Such an integrated model would be valuable to characterize in vivo imaging signatures of diseases.1–3 Recently
there has been great interest in developing fused multi-modal multi-scale models by combining ex vivo and in
vivo imaging and pathology data to study diseases, such as prostate cancer1, 4–6 and the brain.7, 8
Mouse models facilitate the study of various pulmonary diseases, e.g. chronic inflammation.9 Lung inflammation is a condition that can be visualized at different imaging scales from the thickening of the airways walls
through the accumulations of foamy appearing alveolar macrophages.10 Methods to investigate in vivo lung
inflammation currently used include micro-CT11 as well as transillumination and fluorescence molecular tomography12 (see13 for a review). However, none of these studies involved a precise co-registration and fusion
with ex vivo histopathology. With pre-clinical models (e.g. mouse) there is the opportunity to quantitatively
and rigorously evaluate imaging features of pathology by correlating the in vivo imaging attributes with ex
vivo histopathology on a voxel-by-voxel basis. For example, in vivo MRI shows macroscopic characteristics
in three dimensions (3D), while histology captures higher level of details in two dimensions (2D) allowing the
visualization of bronchi and their divisions within the lung.

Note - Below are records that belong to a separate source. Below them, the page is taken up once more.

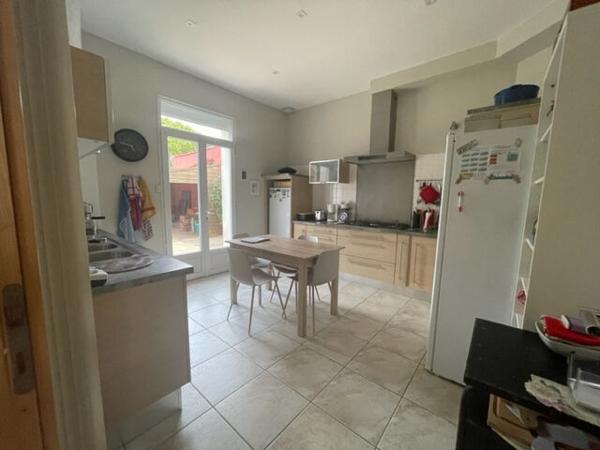 Maison Rochefort 150 m², 4 chambres, bureau, garage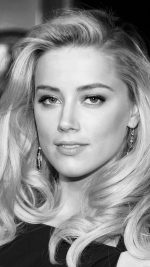 Amber Heard Black Dress Hollywood Star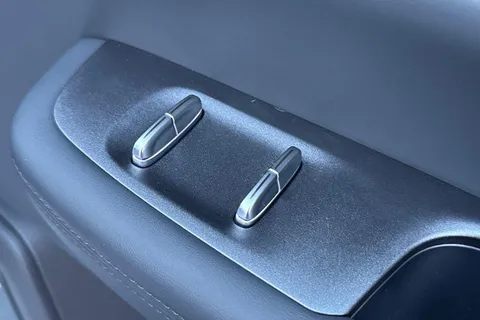 Jaecoo 7 1.5T SHS 18.3kWh Luxury SUV 5dr Petrol Plug-in Hybrid Auto Euro 6 (s/s) (204 ps) Thumbnail #39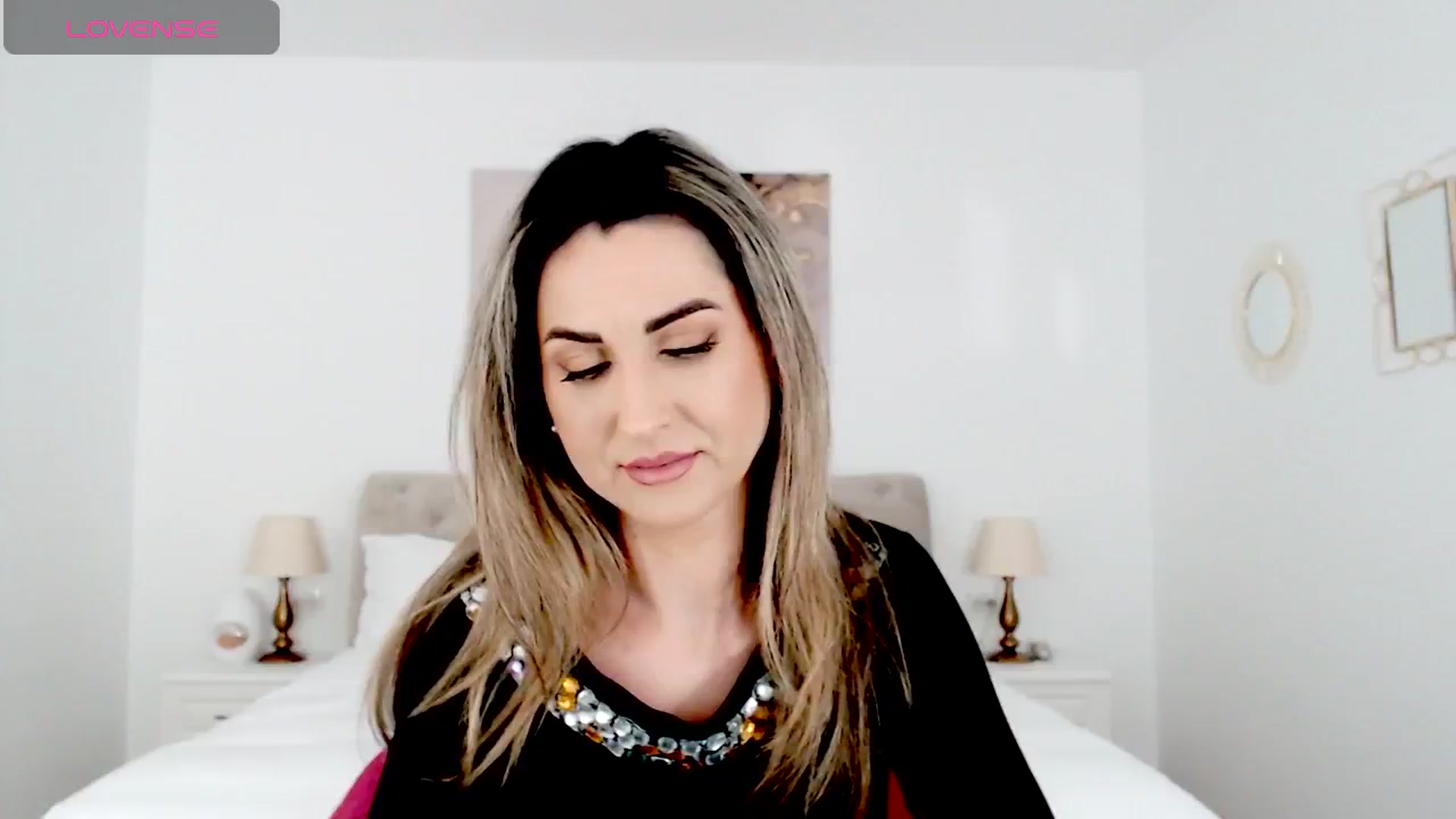 Gallery image thumbnail from AllieSweet's myfreecams stream on, 01/24/2025, 19:20 image 4 of 20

MR and HW contributed equally to this work. Corresponding author: AM (anant.madabhushi@case.edu)
Multi-modal registration is however encumbered by a few significant challenges. Also, ex vivo histology
images often suffer from artifacts caused by fixation and sectioning. Additionally in vivo imaging might suffer
from deformation induced by the presence of other organs such as the heart. Consequently the multi-modal
image registration algorithms need to be able to deal with the various sources of deformation induced within the
different modalities.
While registration of in vivo imaging and ex vivo pathology images have been previously presented in the
literature, the different approaches employed are typically a function of the type of pathology data available. For
instance if only a few pathology sections are available, the only option to co-register with the in vivo imaging
might be to first determine slice correspondences between the two modalities. This can then be followed by 2D-2D
co-registration methods.4, 5 Alternately if multiple concurrent histologic sections are available there might be an
opportunity to reconstruct histologic volumes14–17 which could then allow for a true volumetric co-registration
with the in vivo imaging.6 Such 3D-3D registration has the advantage of introducing additional spatial constrains
to facilitate the accurate alignment. Also 3D-3D registration approaches for MRI and histology typically do not
require establishment of slice correspondences from an expert.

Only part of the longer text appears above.